→ **Data**:
---------------

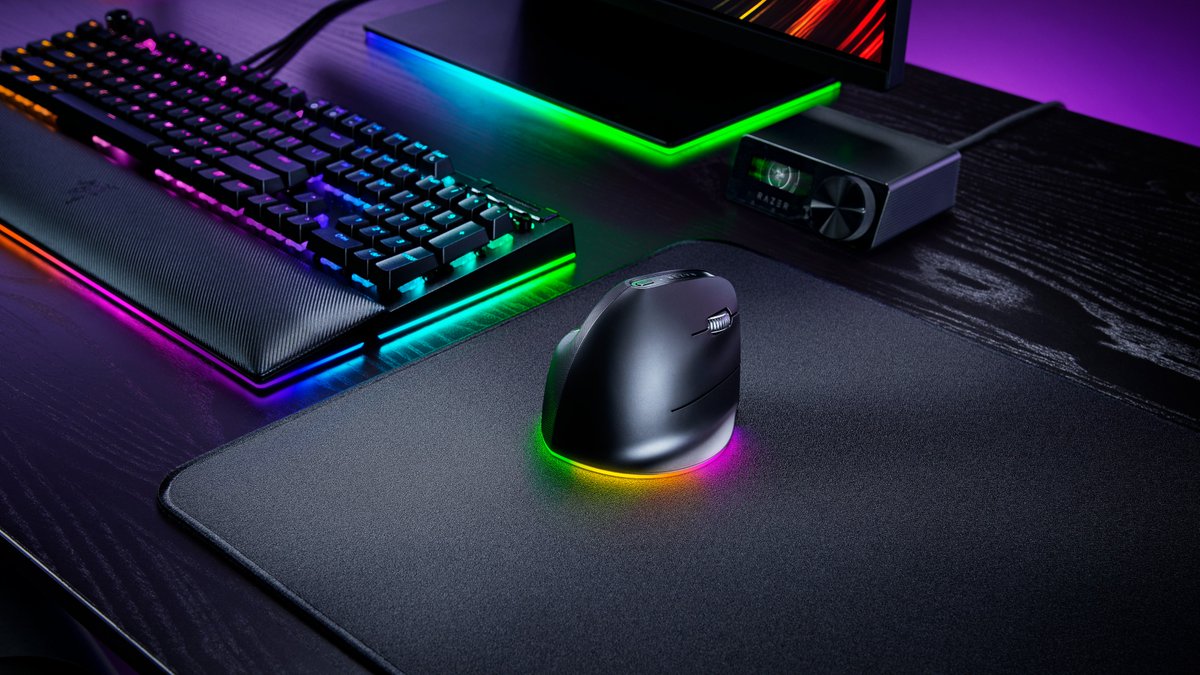 Weniger Belastung, mehr Produktivität! 🖱️💼
Die Razer Pro Click V2 Vertical Edition – ergonomisches Design mit 71,7°-Winkel, AI-Shortcuts &amp; bis zu 6 Monate Akku-Laufzeit. Für smarte Workflows ohne Kompromisse.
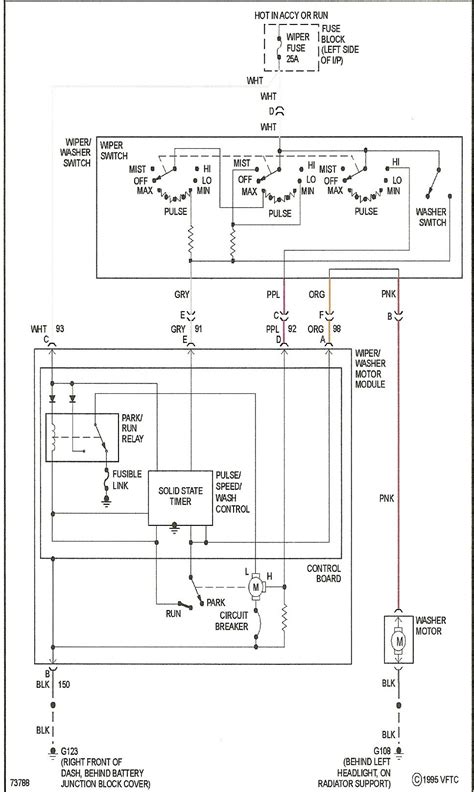 Wiper Wiring Diagram Chevrolet Truck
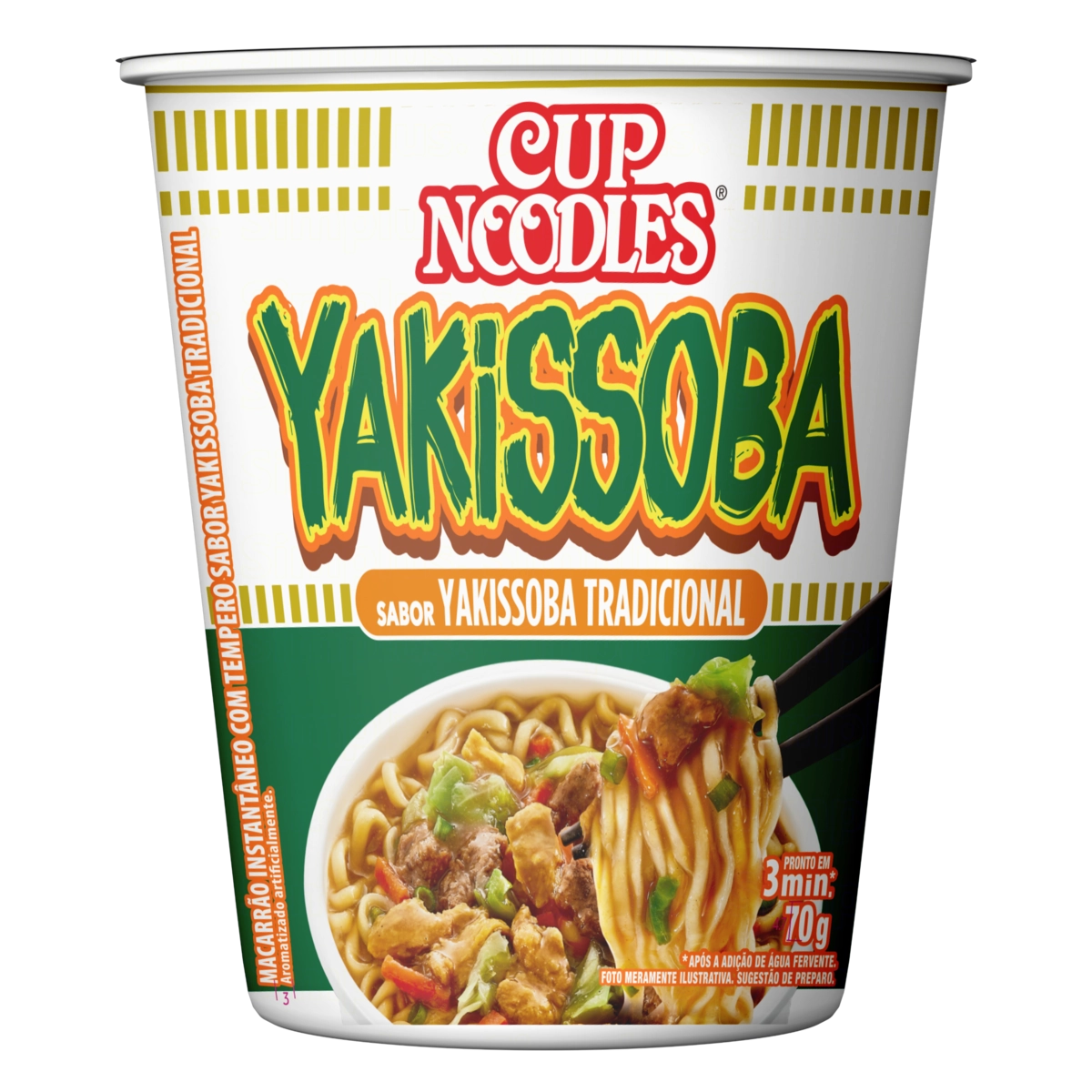 Macarrão Instantâneo Yakissoba Tradicional Cup Noodles Copo 70g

---------------

Starting with the line that contains "Die Razer Pro", give the lines again exactly as they appear through the last line of the data, pictures excluded.

Die Razer Pro Click V2 Vertical Edition – ergonomisches Design mit 71,7°-Winkel, AI-Shortcuts &amp; bis zu 6 Monate Akku-Laufzeit. Für smarte Workflows ohne Kompromisse.
 Wiper Wiring Diagram Chevrolet Truck
 Macarrão Instantâneo Yakissoba Tradicional Cup Noodles Copo 70g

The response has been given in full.